■ **Task to complete**:
Pictures should be left out while the data beneath this task is written out word for word.

■ **Given information**:
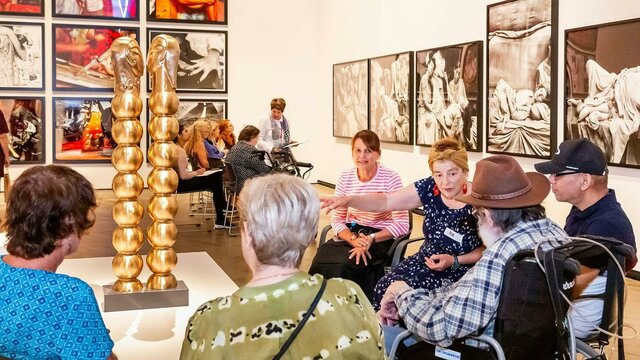 Installation view of Sanné Mestrom, Me & you, 2018 A group of people, some in wheelchairs, sit around a sculpture listening to a guide
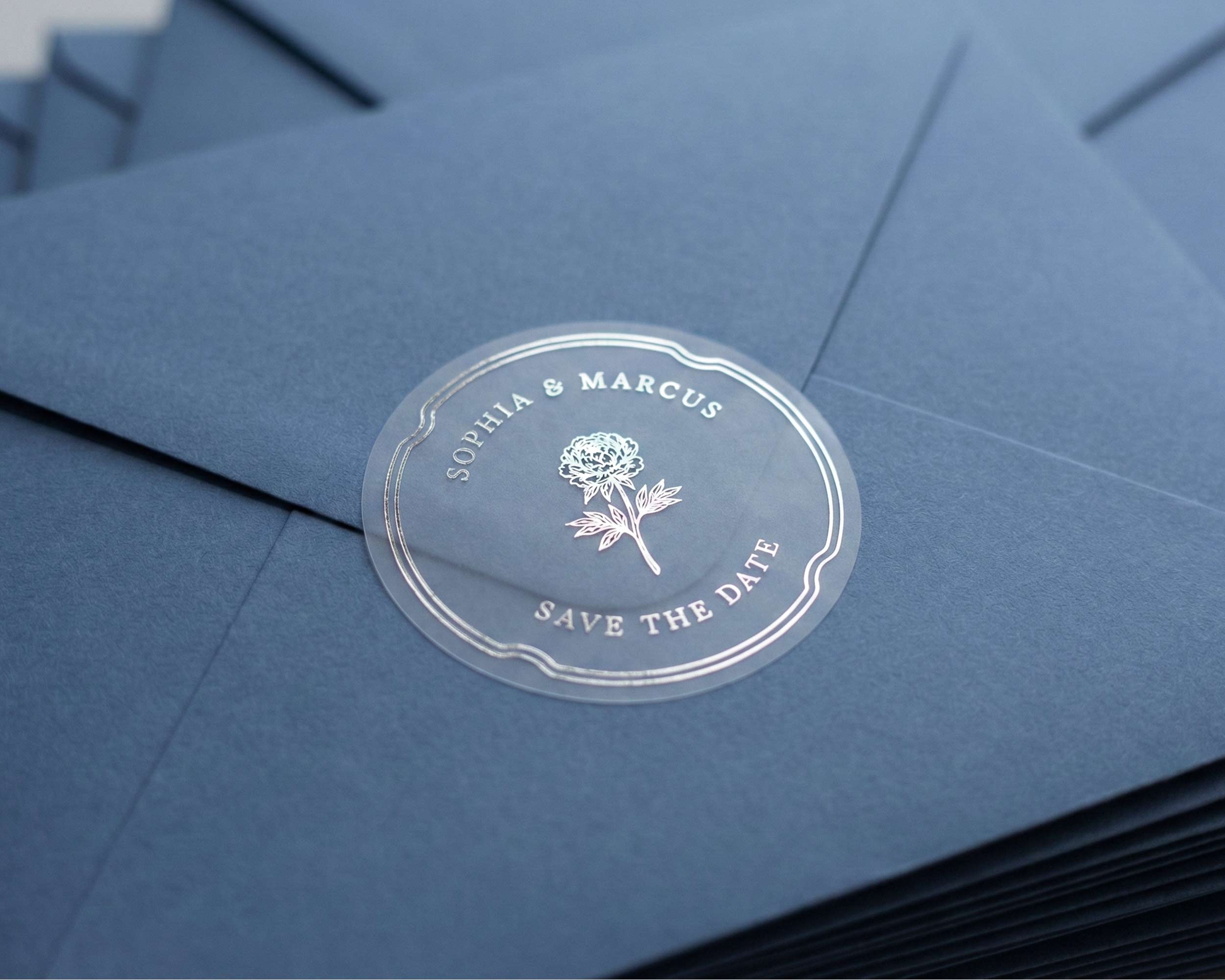 Clear Save the Date sticker with flower graphic and personalized names printed in silver foil sealing navy blue envelope.
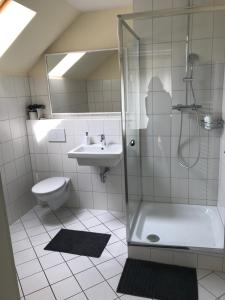 ein Bad mit einer Dusche, einem Waschbecken und einem WC in der Unterkunft Hotel Rahserhof in Viersen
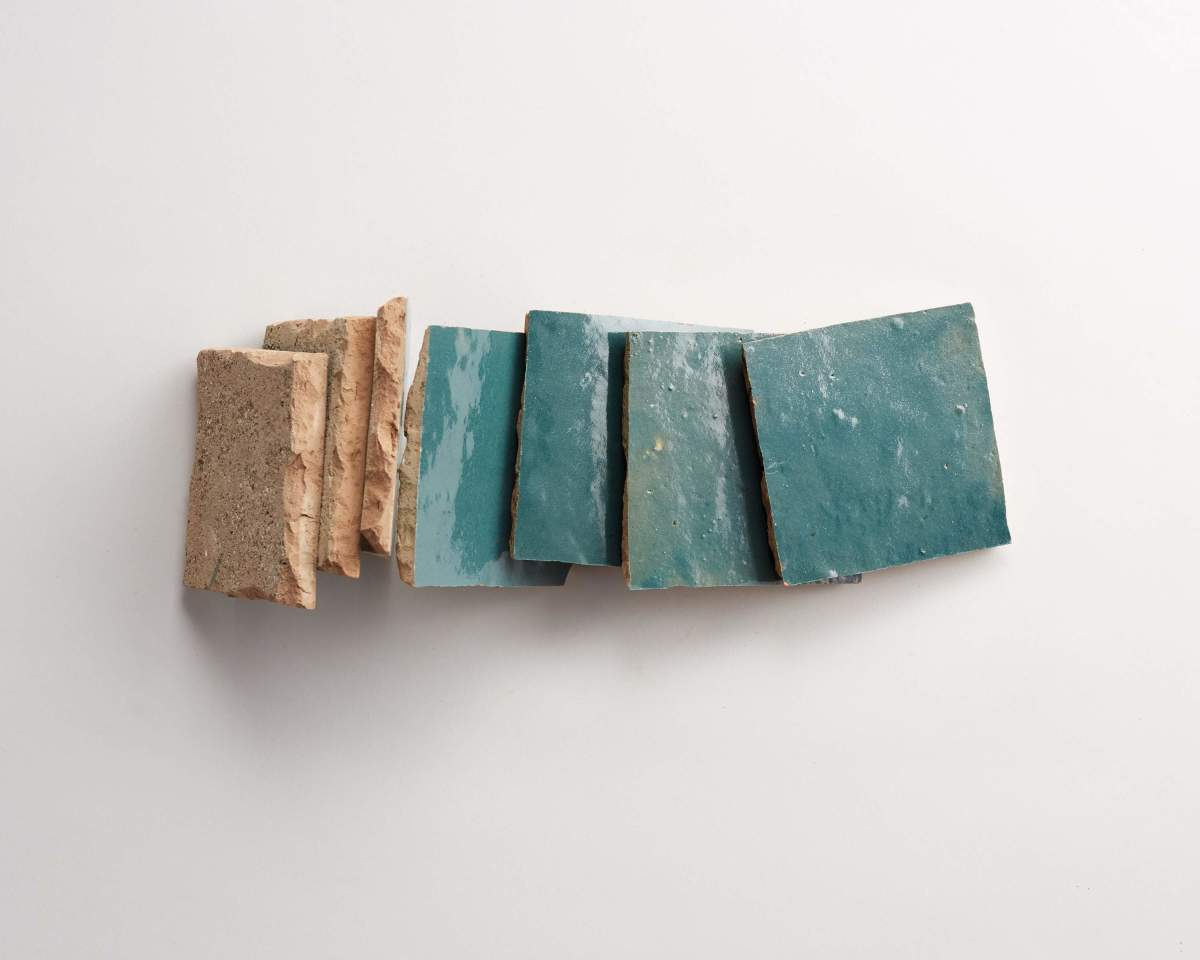 Several broken terracotta tiles are lined up next to several broken teal glazed tiles on a white background.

■ **Task output**:
 Installation view of Sanné Mestrom, Me & you, 2018 A group of people, some in wheelchairs, sit around a sculpture listening to a guide
 Clear Save the Date sticker with flower graphic and personalized names printed in silver foil sealing navy blue envelope.
 ein Bad mit einer Dusche, einem Waschbecken und einem WC in der Unterkunft Hotel Rahserhof in Viersen
 Several broken terracotta tiles are lined up next to several broken teal glazed tiles on a white background.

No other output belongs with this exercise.